PREDICT(1. E → P E') = { 1 }
PREDICT(2. E' → + E E') = { +, EOF }
PREDICT(3. E' → ε) = { +, EOF }
PREDICT(4. P → 1) = { 1 }
So this is where I run into the conflict that PREDICT(2) = PREDICT(3)
, and thus, I cannot produce a parse table as the grammar is not LL(1), since parser wouldn't be able to choose which rule should be applied.
What I'm really wondering is whether it's possible to resolve the conflict or factor the grammar such that the conflict can be avoided, and produce a legal LL(1) grammar, without having to directly modify the original input grammar.
The problem here is that your original grammar is ambiguous.
E → E + E
E → P
means that P + P + P
can be parsed either as (P + P) + P
or P + (P + P)
. Eliminating left recursion doesn't fix the ambiguity, so the modified grammar is also ambiguous. And ambiguous grammars can't be LL(k) (or, for that matter, LR(k)).

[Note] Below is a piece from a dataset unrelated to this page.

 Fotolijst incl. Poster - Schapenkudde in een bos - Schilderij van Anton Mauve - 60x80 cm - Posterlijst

So you need to make the grammar unambiguous:
E → E + P
E → P
(That's the common left-associative version.) Once you eliminate left recursion, you end up with:
E → P E'
E' → + P E'
| ε
Now +
is not in FOLLOW(E').
(The example is drawn straight from the Dragon book, but simplified; it's example 4.8 in the rather battered old copy I have.)

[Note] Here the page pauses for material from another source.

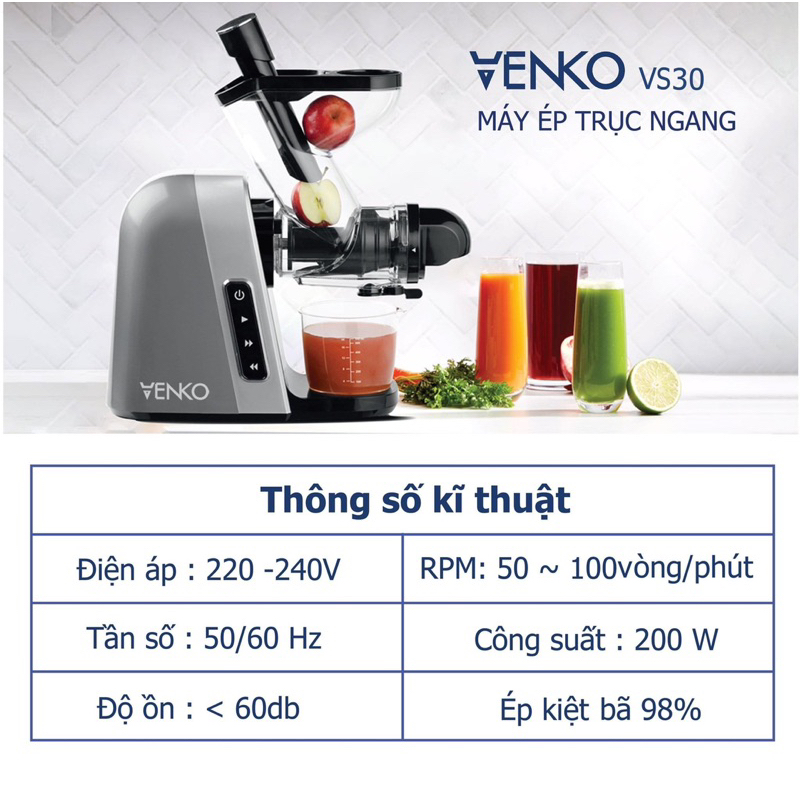 Máy ép chậm venko vs30 máy ép trái cây venko trục ngang ép khoẻ kiệt bã  Bh 12 tháng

It's worth noting that the transformation used here preserves the set of strings derived by the grammar, but not the derivation. The parse tree which results from the modified grammar is effectively right-associative, so it will need to be reprocessed to recover the desired parse. This fact is rather briefly mentioned by the Dragon book authors:
Although left-recursion elimination and left factoring are easy to do, they make the resulting grammar hard to read and difficult to use for translation purposes. (My emphasis)
They go on to suggest that operator precedence parsing can be used for expressions, and then mention that if an LR parser generator is available, dividing the grammar into a predictive part and an operator-precedence part is no longer necessary.